## Assignment:
Using the data below, return the stretch from the line that contains "Now it's started" through the line that contains "It has been", both included, exactly as it stands and nothing beyond it.

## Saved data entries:
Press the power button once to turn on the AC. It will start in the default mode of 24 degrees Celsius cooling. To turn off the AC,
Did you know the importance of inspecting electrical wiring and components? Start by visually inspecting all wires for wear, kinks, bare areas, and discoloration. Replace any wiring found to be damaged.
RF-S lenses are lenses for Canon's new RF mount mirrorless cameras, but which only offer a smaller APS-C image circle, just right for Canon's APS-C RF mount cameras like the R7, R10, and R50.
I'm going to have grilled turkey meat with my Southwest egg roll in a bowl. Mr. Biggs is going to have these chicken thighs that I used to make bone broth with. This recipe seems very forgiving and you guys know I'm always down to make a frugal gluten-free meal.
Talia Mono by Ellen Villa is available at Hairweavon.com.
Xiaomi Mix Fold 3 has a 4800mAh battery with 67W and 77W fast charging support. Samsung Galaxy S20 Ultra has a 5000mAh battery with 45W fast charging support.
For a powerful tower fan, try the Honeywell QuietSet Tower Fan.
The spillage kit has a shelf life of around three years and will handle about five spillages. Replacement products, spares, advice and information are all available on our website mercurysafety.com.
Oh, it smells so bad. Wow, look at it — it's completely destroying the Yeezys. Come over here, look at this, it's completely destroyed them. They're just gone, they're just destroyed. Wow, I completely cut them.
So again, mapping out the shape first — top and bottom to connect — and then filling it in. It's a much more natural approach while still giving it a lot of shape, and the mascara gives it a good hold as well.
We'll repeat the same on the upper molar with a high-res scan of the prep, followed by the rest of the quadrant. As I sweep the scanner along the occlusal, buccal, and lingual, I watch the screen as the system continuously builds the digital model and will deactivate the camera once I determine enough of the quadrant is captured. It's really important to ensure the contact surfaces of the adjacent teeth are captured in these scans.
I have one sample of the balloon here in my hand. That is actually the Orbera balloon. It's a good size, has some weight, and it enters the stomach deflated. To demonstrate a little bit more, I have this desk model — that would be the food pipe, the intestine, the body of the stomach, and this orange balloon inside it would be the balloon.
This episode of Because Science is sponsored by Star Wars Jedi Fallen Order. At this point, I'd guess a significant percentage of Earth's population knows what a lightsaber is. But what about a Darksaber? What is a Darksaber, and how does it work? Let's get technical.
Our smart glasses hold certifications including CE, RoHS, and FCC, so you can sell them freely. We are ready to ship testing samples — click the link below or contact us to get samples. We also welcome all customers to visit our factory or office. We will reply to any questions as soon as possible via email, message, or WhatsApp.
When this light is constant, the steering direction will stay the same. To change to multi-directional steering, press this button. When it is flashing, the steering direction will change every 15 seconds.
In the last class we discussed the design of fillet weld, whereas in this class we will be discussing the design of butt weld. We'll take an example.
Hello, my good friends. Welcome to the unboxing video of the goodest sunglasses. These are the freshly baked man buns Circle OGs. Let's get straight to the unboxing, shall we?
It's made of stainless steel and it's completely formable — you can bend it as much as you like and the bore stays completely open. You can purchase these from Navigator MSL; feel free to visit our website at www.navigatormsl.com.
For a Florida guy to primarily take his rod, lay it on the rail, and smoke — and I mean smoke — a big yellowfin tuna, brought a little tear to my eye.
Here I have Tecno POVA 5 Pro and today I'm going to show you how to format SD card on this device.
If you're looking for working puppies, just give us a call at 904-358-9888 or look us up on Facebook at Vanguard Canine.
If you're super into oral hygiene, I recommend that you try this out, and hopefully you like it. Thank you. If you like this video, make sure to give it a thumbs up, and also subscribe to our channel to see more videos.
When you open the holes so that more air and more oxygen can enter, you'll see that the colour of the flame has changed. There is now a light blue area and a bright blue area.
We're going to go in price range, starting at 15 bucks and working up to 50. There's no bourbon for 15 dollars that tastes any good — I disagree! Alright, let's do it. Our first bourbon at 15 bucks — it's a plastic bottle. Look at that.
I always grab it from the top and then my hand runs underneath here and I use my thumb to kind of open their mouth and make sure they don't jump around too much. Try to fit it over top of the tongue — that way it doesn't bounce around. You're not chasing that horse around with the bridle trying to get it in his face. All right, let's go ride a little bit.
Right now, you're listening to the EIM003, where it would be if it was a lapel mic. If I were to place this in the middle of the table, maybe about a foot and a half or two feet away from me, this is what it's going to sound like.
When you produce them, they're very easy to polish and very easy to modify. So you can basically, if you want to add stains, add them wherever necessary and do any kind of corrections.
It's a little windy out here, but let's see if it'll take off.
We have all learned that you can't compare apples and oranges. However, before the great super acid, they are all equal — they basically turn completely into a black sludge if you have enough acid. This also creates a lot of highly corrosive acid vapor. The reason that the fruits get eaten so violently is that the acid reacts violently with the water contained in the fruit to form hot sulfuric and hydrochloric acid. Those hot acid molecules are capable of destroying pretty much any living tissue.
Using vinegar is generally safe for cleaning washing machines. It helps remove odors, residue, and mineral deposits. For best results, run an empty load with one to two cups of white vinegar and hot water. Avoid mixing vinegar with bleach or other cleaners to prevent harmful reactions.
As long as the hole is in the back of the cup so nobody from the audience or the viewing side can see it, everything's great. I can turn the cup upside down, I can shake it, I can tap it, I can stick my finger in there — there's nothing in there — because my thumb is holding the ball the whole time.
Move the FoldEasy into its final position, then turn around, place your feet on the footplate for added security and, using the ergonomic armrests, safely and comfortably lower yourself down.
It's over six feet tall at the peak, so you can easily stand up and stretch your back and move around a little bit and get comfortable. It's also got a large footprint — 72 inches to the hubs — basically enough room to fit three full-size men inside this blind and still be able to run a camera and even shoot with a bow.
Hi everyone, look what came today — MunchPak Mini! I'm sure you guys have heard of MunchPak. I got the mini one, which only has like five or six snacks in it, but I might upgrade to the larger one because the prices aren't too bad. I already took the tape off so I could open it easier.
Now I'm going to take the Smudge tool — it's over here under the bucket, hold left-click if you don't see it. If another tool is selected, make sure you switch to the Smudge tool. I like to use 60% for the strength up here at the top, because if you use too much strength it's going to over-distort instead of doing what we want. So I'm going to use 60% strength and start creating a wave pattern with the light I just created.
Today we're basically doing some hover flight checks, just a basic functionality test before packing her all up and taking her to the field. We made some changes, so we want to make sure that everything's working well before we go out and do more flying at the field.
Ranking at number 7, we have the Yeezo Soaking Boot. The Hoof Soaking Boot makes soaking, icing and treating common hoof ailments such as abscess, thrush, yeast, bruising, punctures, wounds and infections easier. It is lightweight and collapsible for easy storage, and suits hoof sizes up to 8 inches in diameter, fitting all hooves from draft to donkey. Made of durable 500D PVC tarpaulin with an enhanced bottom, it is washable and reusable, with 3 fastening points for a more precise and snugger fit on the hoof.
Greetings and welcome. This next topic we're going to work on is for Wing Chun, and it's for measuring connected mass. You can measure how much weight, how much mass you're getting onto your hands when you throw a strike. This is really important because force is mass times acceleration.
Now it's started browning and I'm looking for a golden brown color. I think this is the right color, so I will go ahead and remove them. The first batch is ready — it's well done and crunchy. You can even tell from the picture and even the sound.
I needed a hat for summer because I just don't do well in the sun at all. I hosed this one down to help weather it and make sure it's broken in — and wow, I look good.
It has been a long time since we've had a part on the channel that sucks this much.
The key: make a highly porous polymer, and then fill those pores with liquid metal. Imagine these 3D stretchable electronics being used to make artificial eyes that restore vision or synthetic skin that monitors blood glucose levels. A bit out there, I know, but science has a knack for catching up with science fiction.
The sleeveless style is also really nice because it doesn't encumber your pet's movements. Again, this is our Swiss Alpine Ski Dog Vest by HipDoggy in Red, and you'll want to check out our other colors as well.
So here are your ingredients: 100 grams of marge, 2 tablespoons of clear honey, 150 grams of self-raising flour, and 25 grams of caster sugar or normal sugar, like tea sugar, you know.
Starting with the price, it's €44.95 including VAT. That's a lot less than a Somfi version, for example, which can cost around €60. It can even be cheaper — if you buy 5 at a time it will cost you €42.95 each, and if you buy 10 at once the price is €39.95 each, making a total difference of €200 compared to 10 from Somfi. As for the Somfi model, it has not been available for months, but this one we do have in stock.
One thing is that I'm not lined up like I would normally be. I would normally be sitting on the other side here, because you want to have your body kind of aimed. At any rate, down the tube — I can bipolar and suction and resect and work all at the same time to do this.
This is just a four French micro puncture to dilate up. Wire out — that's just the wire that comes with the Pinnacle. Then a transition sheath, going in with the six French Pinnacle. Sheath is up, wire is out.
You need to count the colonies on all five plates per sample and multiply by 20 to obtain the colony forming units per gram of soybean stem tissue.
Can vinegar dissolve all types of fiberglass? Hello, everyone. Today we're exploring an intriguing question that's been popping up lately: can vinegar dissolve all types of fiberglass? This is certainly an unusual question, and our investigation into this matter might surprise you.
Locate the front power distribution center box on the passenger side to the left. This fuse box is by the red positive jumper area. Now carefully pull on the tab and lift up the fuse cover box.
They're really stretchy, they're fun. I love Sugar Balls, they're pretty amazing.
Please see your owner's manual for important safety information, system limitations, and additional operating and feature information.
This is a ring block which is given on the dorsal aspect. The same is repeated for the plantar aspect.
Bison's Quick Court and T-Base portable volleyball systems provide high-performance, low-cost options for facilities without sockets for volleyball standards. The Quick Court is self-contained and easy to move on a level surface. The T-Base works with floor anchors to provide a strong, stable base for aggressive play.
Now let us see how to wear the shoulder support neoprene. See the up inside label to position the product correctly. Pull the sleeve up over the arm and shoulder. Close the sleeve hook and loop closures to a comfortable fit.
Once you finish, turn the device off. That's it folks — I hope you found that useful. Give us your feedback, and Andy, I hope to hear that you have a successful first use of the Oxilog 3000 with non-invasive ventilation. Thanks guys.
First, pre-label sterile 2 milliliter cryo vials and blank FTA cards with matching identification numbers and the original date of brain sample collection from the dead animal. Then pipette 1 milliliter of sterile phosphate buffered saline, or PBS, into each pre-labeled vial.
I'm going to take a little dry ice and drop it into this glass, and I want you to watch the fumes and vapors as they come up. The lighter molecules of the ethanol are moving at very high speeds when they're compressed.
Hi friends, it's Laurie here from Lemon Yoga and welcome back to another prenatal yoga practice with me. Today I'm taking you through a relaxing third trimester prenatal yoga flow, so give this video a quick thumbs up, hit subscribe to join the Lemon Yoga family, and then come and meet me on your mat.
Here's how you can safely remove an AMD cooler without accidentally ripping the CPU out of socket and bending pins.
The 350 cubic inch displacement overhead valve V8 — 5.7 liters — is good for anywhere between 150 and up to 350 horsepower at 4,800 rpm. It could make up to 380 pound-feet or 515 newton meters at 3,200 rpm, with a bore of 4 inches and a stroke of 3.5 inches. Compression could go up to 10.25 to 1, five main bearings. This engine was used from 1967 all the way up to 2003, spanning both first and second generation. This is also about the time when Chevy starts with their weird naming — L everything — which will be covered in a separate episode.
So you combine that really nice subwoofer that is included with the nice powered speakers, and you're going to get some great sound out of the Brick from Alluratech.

## Written solution:
Now it's started browning and I'm looking for a golden brown color. I think this is the right color, so I will go ahead and remove them. The first batch is ready — it's well done and crunchy. You can even tell from the picture and even the sound.
I needed a hat for summer because I just don't do well in the sun at all. I hosed this one down to help weather it and make sure it's broken in — and wow, I look good.
It has been a long time since we've had a part on the channel that sucks this much.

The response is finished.